03 Avr « Il n’y a pas de fatalité, la France a su surmonter bien pire que les défis d’aujourd’hui »
À l’issue de son Assemblée générale le 3 avril 2023, l’Association Réalités du dialogue social a reçu Hervé Lanouzière, et Richard Werly, pour une conversation sur les fractures sociales et sociétales et leur vision du dialogue.

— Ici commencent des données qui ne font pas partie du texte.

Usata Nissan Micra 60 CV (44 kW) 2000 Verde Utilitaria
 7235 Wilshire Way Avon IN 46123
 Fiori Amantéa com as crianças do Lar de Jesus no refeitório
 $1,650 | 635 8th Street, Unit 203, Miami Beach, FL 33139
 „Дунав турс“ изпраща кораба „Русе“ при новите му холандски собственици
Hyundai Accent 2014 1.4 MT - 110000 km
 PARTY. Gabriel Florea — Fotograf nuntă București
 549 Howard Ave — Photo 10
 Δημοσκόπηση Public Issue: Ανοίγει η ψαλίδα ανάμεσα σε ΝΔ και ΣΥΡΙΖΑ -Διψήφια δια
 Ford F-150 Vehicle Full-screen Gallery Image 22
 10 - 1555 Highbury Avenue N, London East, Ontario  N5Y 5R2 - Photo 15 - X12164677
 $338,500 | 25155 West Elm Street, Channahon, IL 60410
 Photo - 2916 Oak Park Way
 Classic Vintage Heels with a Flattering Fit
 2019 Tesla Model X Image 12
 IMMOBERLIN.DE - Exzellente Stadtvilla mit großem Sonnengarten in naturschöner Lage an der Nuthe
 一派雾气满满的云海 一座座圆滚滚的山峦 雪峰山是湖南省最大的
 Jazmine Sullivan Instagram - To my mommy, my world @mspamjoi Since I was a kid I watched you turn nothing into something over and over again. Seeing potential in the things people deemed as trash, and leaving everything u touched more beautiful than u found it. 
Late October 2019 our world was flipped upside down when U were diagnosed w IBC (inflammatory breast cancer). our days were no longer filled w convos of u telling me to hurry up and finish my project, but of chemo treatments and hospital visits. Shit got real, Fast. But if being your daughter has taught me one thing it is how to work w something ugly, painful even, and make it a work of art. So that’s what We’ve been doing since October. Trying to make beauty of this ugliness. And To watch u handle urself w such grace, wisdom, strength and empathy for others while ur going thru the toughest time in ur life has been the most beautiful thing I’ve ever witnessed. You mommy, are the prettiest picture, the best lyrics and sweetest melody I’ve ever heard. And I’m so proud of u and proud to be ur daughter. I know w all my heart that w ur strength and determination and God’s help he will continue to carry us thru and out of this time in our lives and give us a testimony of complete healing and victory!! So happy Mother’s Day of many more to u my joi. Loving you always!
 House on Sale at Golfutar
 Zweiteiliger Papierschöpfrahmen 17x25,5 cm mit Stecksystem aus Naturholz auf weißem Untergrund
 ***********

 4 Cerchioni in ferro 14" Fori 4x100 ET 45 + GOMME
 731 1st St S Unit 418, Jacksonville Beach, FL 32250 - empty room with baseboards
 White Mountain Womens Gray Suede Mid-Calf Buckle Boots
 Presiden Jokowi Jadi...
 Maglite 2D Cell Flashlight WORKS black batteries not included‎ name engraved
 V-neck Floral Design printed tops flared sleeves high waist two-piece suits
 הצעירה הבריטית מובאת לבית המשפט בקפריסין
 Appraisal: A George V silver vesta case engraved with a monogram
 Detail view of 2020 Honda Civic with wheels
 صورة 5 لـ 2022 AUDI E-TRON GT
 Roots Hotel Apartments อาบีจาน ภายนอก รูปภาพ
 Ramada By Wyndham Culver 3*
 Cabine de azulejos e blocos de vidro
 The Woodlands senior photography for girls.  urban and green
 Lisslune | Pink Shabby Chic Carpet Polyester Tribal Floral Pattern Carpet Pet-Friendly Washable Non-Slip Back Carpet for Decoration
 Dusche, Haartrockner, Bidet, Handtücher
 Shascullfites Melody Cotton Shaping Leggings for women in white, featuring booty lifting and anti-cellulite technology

À lire, le regard de Richard Werly sur le climat social en France :
La prise de recul d’un binational
L’une des spécificités de Richard Werly est sa double nationalité franco-suisse. Son histoire et sa double culture sont à mentionner car elles permettent d’expliquer sa grande connaissance des institutions, de l’histoire française notamment territoriale, ainsi que son regard extérieur sur la gouvernance et les affaires sociales de la France. Or comme Richard Werly l’écrit dans son ouvrage « La France contre elle-même – de la démarcation de 1940 aux fractures d’aujourd’hui » publié en 2022, aux éditions Grasset et citant les propos de Paul et Marcella Webster qui ont entrepris un voyage similaire au sien avant lui, « le fait d’être « étranger en France permet d’obtenir des confidences, des récits personnels de la part des habitants rencontrés. Il semblerait que la double nationalité, quand bien même elle comprend celle du pays étudié, offre des avantages tels qu’une mise en perspective autant vis-à-vis du sujet que de ses protagonistes ».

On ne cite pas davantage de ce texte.